# Emotiva UMC-200 and REW



## mircolino

Hi All,

I just got a brand new Emotiva UMC-200 preamp which comes with an 11 bands parametric equalizer (gain/Q) on each of the 7.1 channels. I personally find the included EMO-Q calibration software rather useless, so I decided to give REW a try!

Using REW, my goal is to set (for each of my 5.1 channels) the best possible crossover, trim, EQ gain and Q values in the UMC-200 preamp. Anybody that has already done that? :whistling:

Before I get started with REW I need to buy a calibrated mic/SPL meter. I have an external USB sound card (Native Instruments Komplete Audio 6) with XLR mic input and 48V phantom power, so I have no preference between USB or regular mic.

Cross Spectrum Labs sell the following models:


 Dayton EMM-6
 Dayton UMM-6
 MiniDSP UMIK-1

Which one would you recommend?
Also, do I need a SPL meter as well or anyone of the above mics will do?

Thank you in advance for your help,

---Mirco.

Source: HTPC with ATI Raden HD 6450 HDMI
Preamp: Emotiva UMC-200
Amp: Rotel RMB-1565
Front: B&W 804
Sub: Velodyne Optimum-10
Center: KEF iQ6C
Surr: KEF iQ8DS


----------



## norcalsteve

Hi,

I am of like mind and can share the following in my first post to this forum as a REW newbie.

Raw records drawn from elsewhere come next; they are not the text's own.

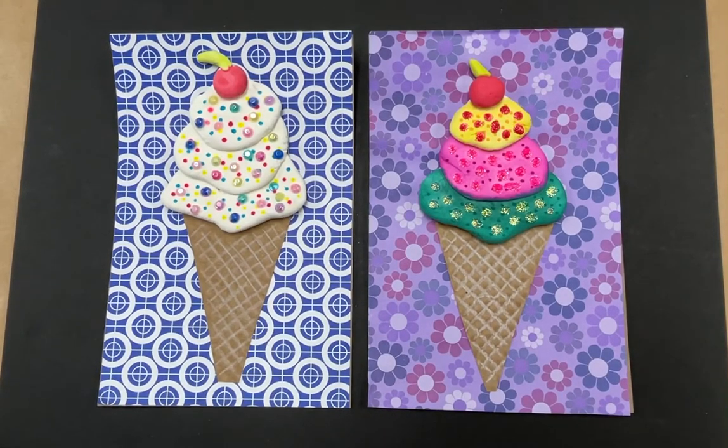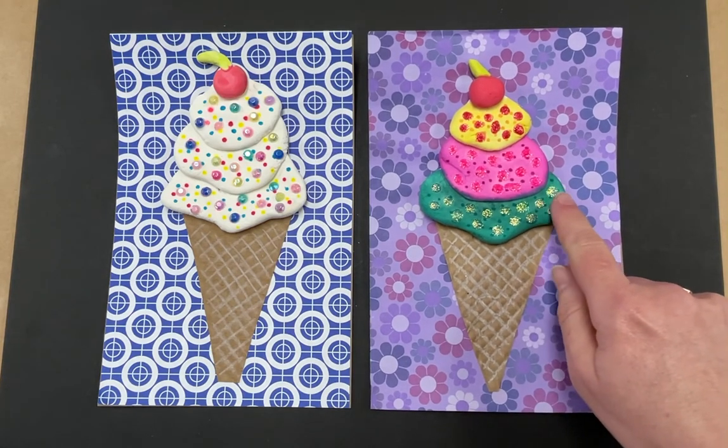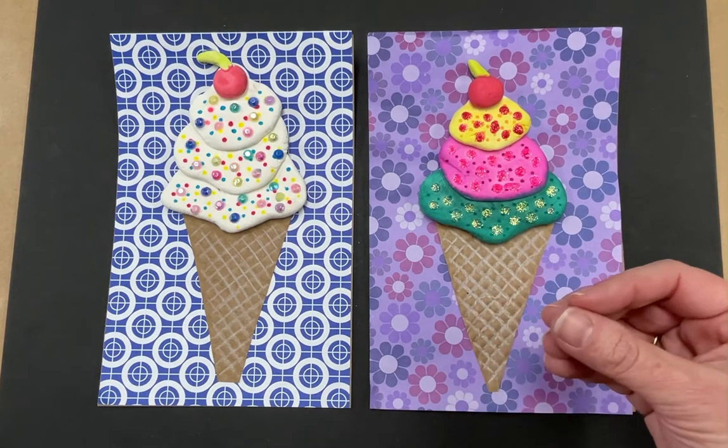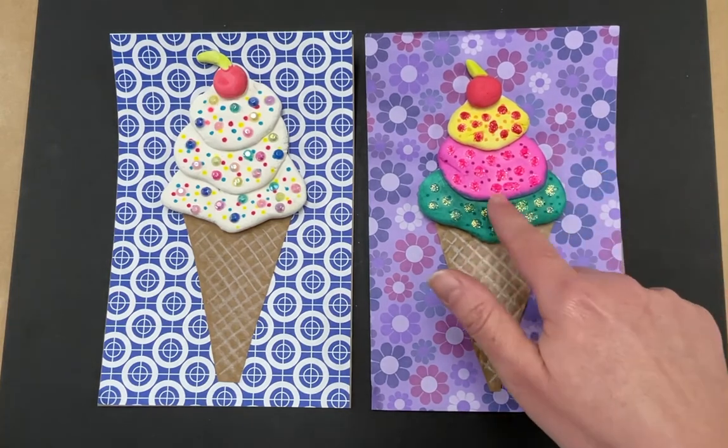Hello, my awesome second grade artists. Today we're going to be doing something fun and different that I think you're really going to like. We are going to be making these fun ice cream cones out of Model Magic. Model Magic is kind of like clay, but it dries — it just air dries. You just let it sit out and it hardens up, and then you can decorate them.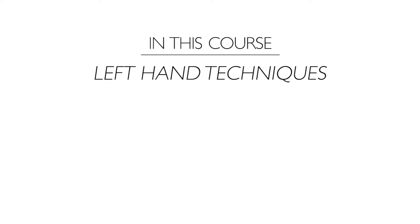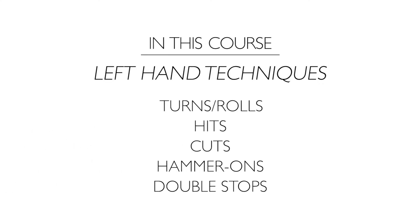We're also going to talk about left-hand concepts such as ornamentation including turns or rolls, hits, cuts, hammer-ons, and double stops, and where and when to use all of these.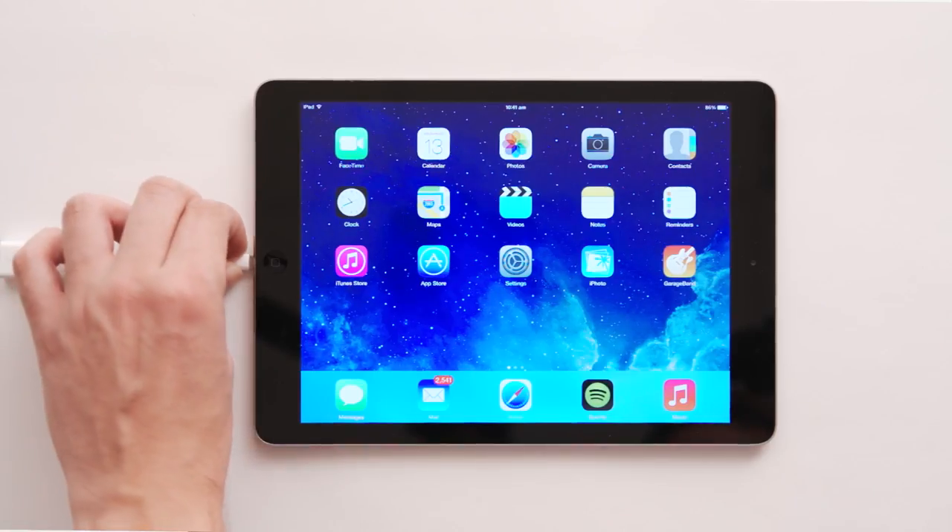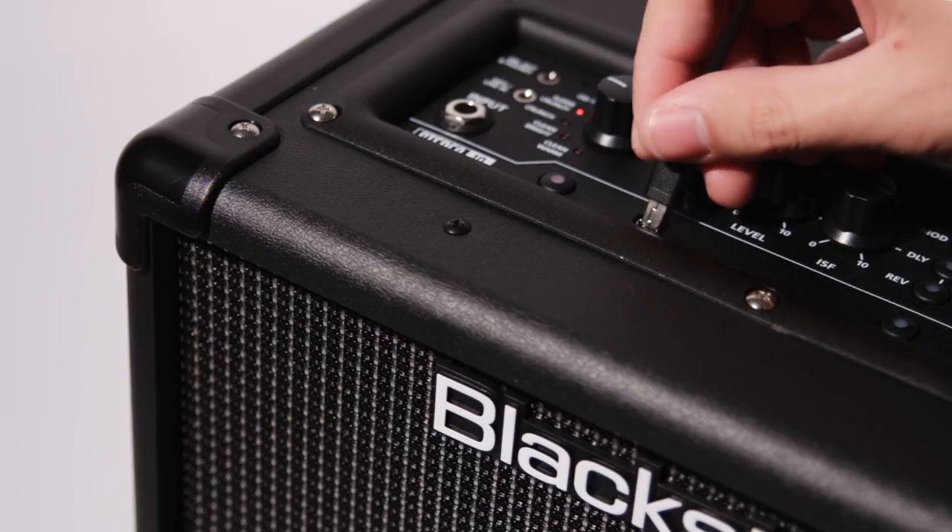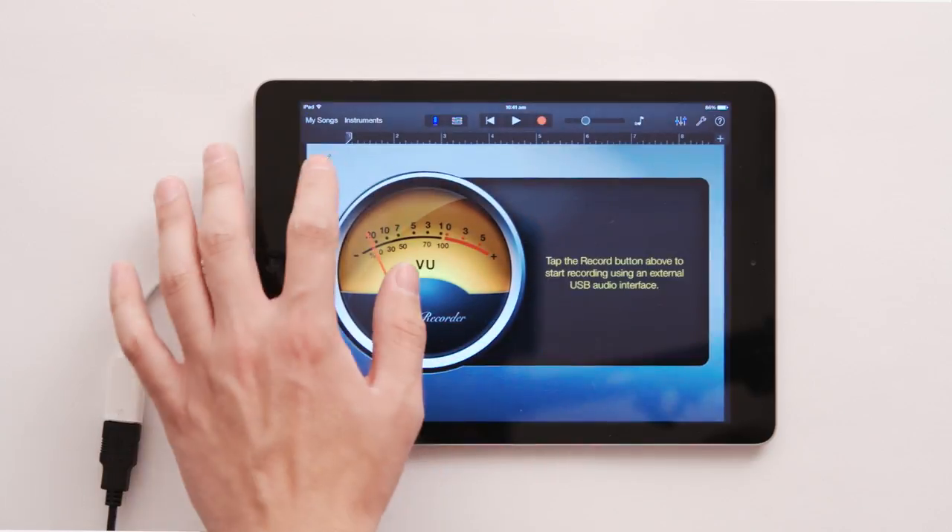It's really simple to record your guitar onto your device by using the Apple Camera Connection Kit. Simply plug the Camera Connection Kit into the iPad, followed by connecting your ID Core into this by using a USB cable. We can then open the GarageBand app and create an audio recorder track.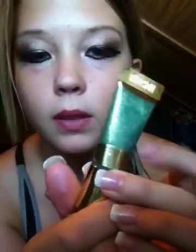I forgot a step — my green glitter by Milani is going to go in the corner of the eye and on the bottom lash line.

I am also new to REW and after trying it out with the UMC-200 Mic for a week or so (bad idea and you will get bad results that are useless but can be used to practice using REW while you wait for your UMIK!), I bought a new UMC-200 / XPA-3 and SVS SB-1000 Subs and wanted to get the system dialed in properly.

So after a lot of experimentation and learning am now getting semi proficient at using the Manual EQ capabilities of the UMC-2000 with a UMIK 1 that I received it about a week ago. The UMIK ships from Hong Kong and I got it for $75 plus $20 shipping and arrived in just under a week via airmail but there was a weekend so might be faster if you order on a Monday or Tuesday. I highly recoomend the UMIK and you download a calibration file from their website and is totally plug and play with REW once you load the text calibration file. I am using a 10 year old laptop with the USB port for the Mic and is working great.

For test signals I don't use the sweep tones (yet) since due to soundcard limitations (i.e. don't have a good one) but instead I burned Full Range 10 to 20KHz Pink Noise wave files to CD set to 65K FFT length (you can save wave files of this type from REW) and then set the RTA to the same FFT length and seems to be working quite well when I play the test signals CD on my OPPO BDP-103. I even made a separate Left and Right Pink Noise signals by taking the L/R wave file that REW outputs and removing one of each channel using Wave Lab then saving as Left Pink Noise and Right Pink Noise separately. Each of these signals output from REW is 1 minute long and after you set your system to 75 dB you can take all sorts of measurements by turning subs on or off / amps on or off / disconnecting speakers or whatever you need to do to get individual measurements. 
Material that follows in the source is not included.